AWS Budgets
A cost management service that lets you set custom budgets for AWS costs, usage, and Reserved Instance coverage, triggering alerts and automated actions when thresholds are exceeded
Overview
AWS Budgets lets you set custom budgets for AWS spending and usage, monitoring budget overruns and forecast overruns in real time. You can create six types of budgets - cost budgets, usage budgets, RI coverage budgets, RI utilization budgets, Savings Plans coverage budgets, and Savings Plans utilization budgets - and send email, SNS, or Chatbot notifications when thresholds are exceeded. With Budget Actions, you can automatically apply IAM policies or stop EC2/RDS instances when budgets are exceeded.

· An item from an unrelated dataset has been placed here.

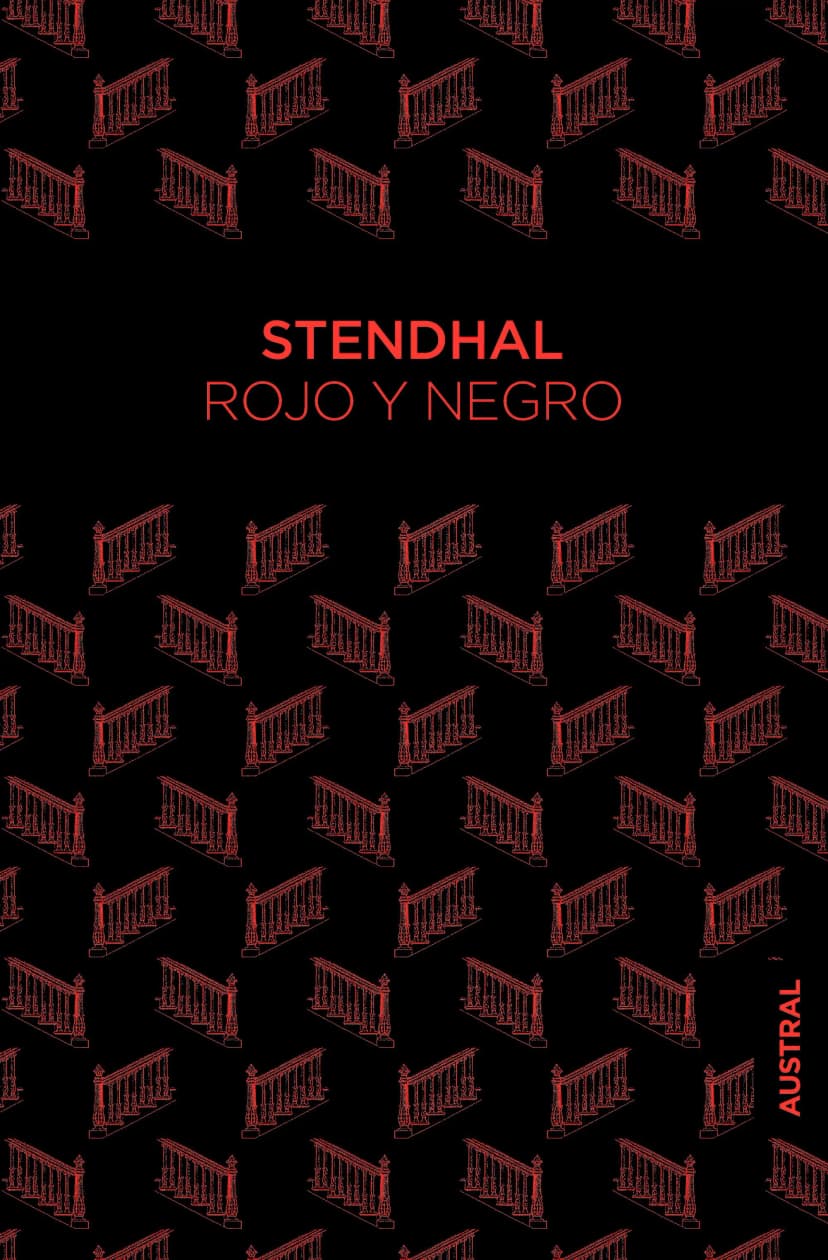 Portada — Austral (ISBN 9788467057386)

Budget Types and Practical Configuration Patterns
Of the six budget types, cost budgets are the most commonly used in practice. The standard pattern is to set a monthly cost budget with three threshold alerts: when actuals exceed 80% of budget, when actuals exceed 100%, and when the forecast exceeds 100%. Budgets can be filtered by service, linked account, or tag - not just at the account level. For example, you can set up alerts like "notify when monthly costs for the production environment (env=prod tag) exceed 5,000 USD." Usage budgets set thresholds on specific service usage metrics (EC2 running hours, S3 storage volume, Lambda invocation count, etc.). They're useful when you want to manage by usage rather than cost, and can also monitor free tier consumption. RI coverage and RI utilization budgets help optimize Reserved Instance purchasing strategy. Low coverage (high on-demand ratio) suggests considering additional purchases, while low utilization indicates potential over-purchasing. Equivalent coverage and utilization budgets are available for Savings Plans as well.
Automated Cost Control with Budget Actions
Budget Actions automatically execute actions when budgets are exceeded, preventing cost runaway without human intervention. Three types of actions are available. First, IAM policy application: attach an IAM policy that prohibits resource creation to users or roles when the budget is exceeded, physically blocking new resource creation. Second, SCP (Service Control Policy) application: if using Organizations, apply SCPs to specific OUs or accounts to restrict use of high-cost services. Third, stopping EC2 or RDS instances: the typical pattern is auto-stopping development environment instances when budgets are exceeded. Action execution modes offer "automatic execution" and "approval-required execution." Use approval-required for actions affecting production environments, and automatic execution for stopping development instances. Note that Budget Actions depend on budget evaluation timing (typically three times per day), so they're not suited for real-time control. For real-time cost anomaly detection, use Cost Anomaly Detection in combination.
Choosing Between Cost Explorer and Cost Anomaly Detection
AWS cost management tools serve different roles and should be used in combination. Budgets primarily monitors actuals against plans, tracking spending and forecasts against pre-set budgets. It's suited for monthly, quarterly, and annual budget management, and is used for executive reporting and departmental cost allocation. Cost Explorer primarily analyzes and visualizes historical costs, showing cost trends by service, account, tag, and region in graphical form. It's used for investigating cost increases and reviewing Reserved Instance purchase recommendations. Cost Anomaly Detection automatically detects unusual cost fluctuations, with machine learning models that learn historical cost patterns and automatically identify abnormal cost increases. It works without configuration, catching unexpected cost spikes even for services without budgets. The recommended production setup is a three-layer approach: set monthly budgets with Budgets, enable daily anomaly detection with Cost Anomaly Detection, and perform detailed analysis with Cost Explorer at month-end. The first two budgets are free, and additional budgets cost just 0.02 USD per month each, making this an essential first step for cost management across all accounts.